Problem to solve:
Locate the line bearing "View Auto part" in the material below, then reproduce it and each following line up to and including the line bearing "и апрель: фоторепортаж".

Provided information:

==========

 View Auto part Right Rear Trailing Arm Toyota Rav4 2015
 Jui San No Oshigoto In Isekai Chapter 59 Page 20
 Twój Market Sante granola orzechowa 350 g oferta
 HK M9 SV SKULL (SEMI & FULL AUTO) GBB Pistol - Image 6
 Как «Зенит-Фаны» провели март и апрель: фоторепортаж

==========

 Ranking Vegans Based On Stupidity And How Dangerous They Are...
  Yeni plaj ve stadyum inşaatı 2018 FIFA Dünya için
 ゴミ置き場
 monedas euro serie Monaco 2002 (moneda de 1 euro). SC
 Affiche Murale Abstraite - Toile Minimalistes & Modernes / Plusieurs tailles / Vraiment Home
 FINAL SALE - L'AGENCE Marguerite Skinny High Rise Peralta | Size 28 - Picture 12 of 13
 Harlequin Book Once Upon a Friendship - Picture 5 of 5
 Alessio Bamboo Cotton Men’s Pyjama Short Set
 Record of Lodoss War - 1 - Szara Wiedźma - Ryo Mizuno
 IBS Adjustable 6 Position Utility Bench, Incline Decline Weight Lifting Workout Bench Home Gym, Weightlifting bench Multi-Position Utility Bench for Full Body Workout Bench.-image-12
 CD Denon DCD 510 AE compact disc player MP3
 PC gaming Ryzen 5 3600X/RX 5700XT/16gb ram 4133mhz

==========

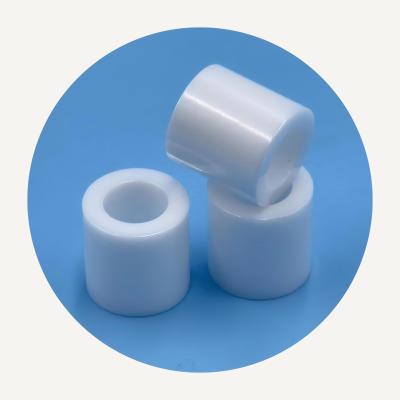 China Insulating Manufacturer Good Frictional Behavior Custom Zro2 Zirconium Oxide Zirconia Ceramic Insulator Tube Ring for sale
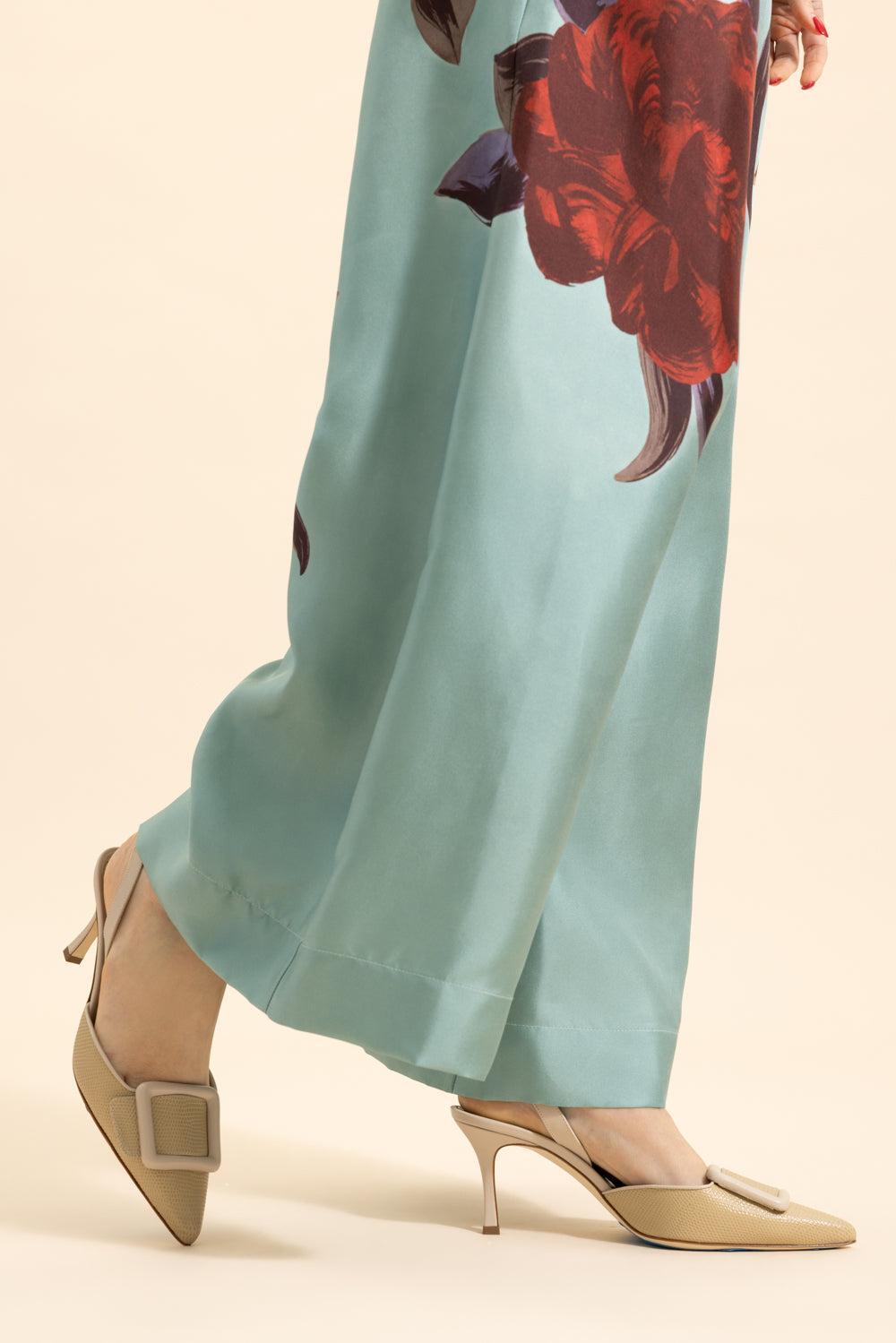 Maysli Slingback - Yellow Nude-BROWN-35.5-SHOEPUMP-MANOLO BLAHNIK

==========

Response area:
 View Auto part Right Rear Trailing Arm Toyota Rav4 2015
 Jui San No Oshigoto In Isekai Chapter 59 Page 20
 Twój Market Sante granola orzechowa 350 g oferta
 HK M9 SV SKULL (SEMI & FULL AUTO) GBB Pistol - Image 6
 Как «Зенит-Фаны» провели март и апрель: фоторепортаж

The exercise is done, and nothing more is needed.